Samedi 15 novembre : manif’ contre la misère. On dit « contre l’austérité », cela fait politiquement correct. Beaucoup de militants et sympathisants du Front de gauche, plus encore du NPA (que l’on dit par ailleurs dans une mauvaise passe). Des Cégétistes, des militants de Solidaires. Et puis des associations pour le droit au logement, pour la régularisation des sans-papiers. Des pancartes dénonçant le gouvernement PS-Medef, la spéculation immobilière. Environ 3 000 manifestants.

 

Ce que je n’avais jamais vu en 50 ans de manifs’ en province : un encadrement important de très nombreux CRS style Mad Max, à l’avant de la manif’ et à l’arrière.
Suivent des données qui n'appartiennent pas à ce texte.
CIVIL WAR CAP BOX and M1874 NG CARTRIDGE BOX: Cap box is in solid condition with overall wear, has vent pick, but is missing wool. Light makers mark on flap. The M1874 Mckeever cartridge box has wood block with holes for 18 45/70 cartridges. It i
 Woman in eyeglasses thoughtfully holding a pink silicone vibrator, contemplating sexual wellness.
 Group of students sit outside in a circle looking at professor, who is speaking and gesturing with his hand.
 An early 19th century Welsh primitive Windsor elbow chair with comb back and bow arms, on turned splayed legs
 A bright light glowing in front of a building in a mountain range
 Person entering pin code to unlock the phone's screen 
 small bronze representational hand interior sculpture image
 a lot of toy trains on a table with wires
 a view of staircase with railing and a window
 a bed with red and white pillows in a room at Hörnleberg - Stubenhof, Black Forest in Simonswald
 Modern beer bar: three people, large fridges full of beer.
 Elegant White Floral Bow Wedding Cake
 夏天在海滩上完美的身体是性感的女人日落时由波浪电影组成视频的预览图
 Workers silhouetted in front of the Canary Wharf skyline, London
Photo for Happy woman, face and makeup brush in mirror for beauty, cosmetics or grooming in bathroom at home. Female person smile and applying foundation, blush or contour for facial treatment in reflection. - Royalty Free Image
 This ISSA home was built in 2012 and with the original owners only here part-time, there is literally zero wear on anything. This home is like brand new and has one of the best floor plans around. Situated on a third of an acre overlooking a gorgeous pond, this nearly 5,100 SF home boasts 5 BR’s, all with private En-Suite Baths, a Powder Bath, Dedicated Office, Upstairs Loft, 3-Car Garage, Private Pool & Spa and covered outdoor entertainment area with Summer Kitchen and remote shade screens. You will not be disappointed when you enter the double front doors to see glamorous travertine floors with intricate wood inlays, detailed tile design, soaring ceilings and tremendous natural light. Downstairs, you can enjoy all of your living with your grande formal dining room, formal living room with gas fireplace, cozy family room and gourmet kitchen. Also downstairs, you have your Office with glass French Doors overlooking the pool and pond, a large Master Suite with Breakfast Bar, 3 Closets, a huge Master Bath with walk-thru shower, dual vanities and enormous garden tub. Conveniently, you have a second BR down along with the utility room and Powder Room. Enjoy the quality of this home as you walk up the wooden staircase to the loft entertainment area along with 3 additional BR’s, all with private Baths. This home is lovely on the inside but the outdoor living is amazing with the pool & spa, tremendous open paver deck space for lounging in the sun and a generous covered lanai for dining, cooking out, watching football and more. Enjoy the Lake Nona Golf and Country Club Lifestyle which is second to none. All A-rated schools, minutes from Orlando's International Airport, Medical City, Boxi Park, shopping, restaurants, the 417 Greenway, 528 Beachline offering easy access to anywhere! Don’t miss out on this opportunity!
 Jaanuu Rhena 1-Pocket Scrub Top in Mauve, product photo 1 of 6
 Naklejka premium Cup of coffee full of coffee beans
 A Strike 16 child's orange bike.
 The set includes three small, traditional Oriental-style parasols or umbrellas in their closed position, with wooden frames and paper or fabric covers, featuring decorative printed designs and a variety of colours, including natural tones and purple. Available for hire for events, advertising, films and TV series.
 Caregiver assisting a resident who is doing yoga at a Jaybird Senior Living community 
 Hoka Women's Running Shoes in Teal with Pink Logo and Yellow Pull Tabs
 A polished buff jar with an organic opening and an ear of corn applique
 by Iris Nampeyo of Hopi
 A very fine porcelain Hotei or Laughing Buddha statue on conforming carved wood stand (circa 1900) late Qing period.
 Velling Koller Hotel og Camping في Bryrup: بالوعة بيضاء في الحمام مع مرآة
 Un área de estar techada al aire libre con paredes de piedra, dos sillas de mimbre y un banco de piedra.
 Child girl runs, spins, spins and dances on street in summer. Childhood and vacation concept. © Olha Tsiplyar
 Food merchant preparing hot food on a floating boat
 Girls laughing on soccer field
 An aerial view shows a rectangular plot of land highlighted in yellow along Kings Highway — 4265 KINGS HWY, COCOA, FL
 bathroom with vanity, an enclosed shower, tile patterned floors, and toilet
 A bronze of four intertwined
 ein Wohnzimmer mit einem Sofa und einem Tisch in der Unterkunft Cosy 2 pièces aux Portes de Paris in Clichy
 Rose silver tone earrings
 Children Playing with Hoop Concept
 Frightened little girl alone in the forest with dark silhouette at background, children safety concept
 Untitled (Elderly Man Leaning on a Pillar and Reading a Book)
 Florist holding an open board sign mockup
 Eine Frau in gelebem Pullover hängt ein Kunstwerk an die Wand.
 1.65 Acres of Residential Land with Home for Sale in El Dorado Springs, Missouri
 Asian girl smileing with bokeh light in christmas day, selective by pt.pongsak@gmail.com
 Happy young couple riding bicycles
Des dizaines de CRS dans les rues adjacentes au parcours (nous n’étions pas très loin de la préfecture). Et aussi ce dont les CRS et les gendarmes mobiles disposent dorénavant : des barricades en métal d’environ 2 mètres de haut, que l’on installe et désinstalle en deux temps trois mouvements et qui offrent un très bon abri aux hommes du « maintien de l’ordre ».

 

Dans ce domaine comme dans d’autres, les Solfériniens sont allés plus loin que Sarkozy.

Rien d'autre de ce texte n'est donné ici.